Esses setores acreditam que vão resolver os problemas da luta de classes pela via do Judiciário, algo totalmente absurdo. Decerto que Bolsonaro, assim como muitos ex-presidentes, poderia ser julgado por crimes contra o Brasil. Não necessariamente por aquilo corriqueiramente utilizado pela esquerda contra ele, mas por coisas concretas como a privatização da Eletrobrás, por exemplo. Porém, não é isso que está acontecendo: o julgamento de Bolsonaro é visivelmente um julgamento político.

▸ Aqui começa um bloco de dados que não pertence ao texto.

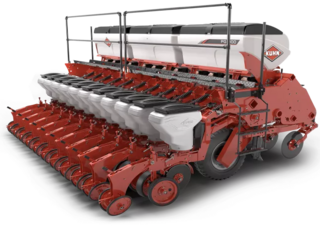 Sementadoras Kuhn Flex 11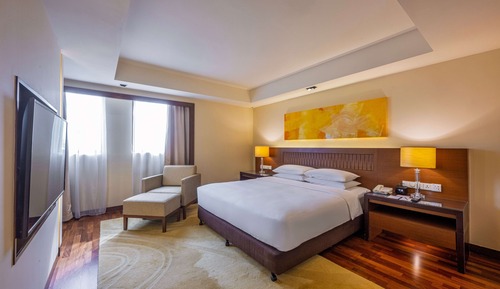 Regency, Executive Suite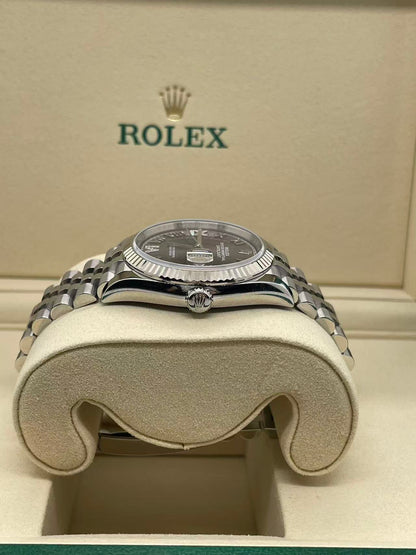 Rolex 126234 Grey VIIX Jubilee 2026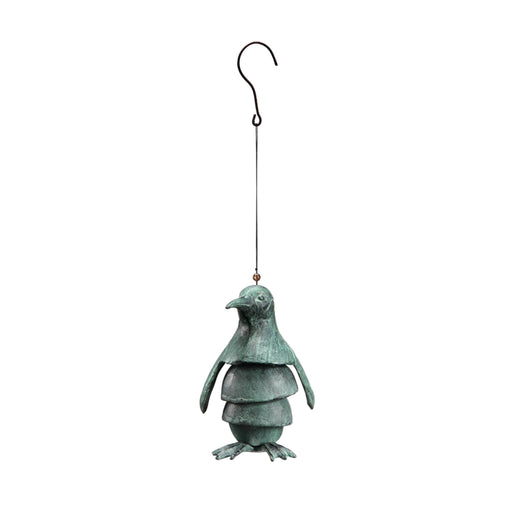 Penguin Segmented Wind Chime by San Pacific International/SPI Home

As ações contra ele se dão em torno do fato de que o ex-presidente fez uma reunião com embaixadores na qual afirmou que as urnas eletrônicas brasileiras são muito vulneráveis à fraude. É totalmente anormal alguém ser cassado por isso, é uma verdadeira aberração jurídica.
Temos, portanto, uma situação que, em nome da luta contra a extrema-direita, contra o bolsonarismo, a esquerda começa a ser apologista de uma política repressiva arbitrária das instituições do Estado capitalista. Isso não é uma política de esquerda correta não é uma política socialista, não é uma política revolucionária, nada disso. É um apoio a arbitrariedades que tanto podem ser usadas contra o Bolsonaro como podem ser usadas contra a esquerda, como tem sido usado contra a esquerda o mesmo método. É preciso rejeitar esse tipo de intervenção política reacionária.
Um segundo ponto desta discussão é o seguinte: essa perseguição jurídica contra Bolsonaro dará certo? Vamos supor que nós estivéssemos diante de um cálculo político sem nenhum tipo de princípios, do tipo “precisamos eliminar Bolsonaro seja como for”. Isso será efetivo para esse objetivo? Decerto que não.
No fim, o bolsonarismo vai demonstrar a um amplo setor – e é fácil demonstrá-lo – que o que está acontecendo é uma perseguição política. Nesse sentido, essa operação para tornar Bolsonaro inelegível contribui muito mais para fortalecer o bolsonarismo diante da população do que para enfraquecê-lo. Não vai acabar com o bolsonarismo, é uma mera manobra eleitoral.
Amanhã a burguesia vai precisar de Bolsonaro e vai chamá-lo para intervir na situação política. Podem aprovar a inelegibilidade de Bolsonaro por oito anos, mas, logo em seguida, surge uma crise política e a burguesia volta atrás e derruba essa decisão.
Ou seja, trata-se de algo que só serve para manobras de bastidores. Vai fortalecer o bolsonarismo e quem vai ficar com a má fama de realizar essas arbitrariedades é o próprio Lula e a esquerda. Não é à toa que, nos jornais da direita, já se fala nisso: é o “STF a serviço do Lula”.
Portanto, do ponto de vista da luta política, de ganhar a consciência das massas, de romper a frente bolsonarista, isso não acrescente em absolutamente nada. Pelo contrário, é muito evidente que se trata de um tiro que vai sair pela culatra.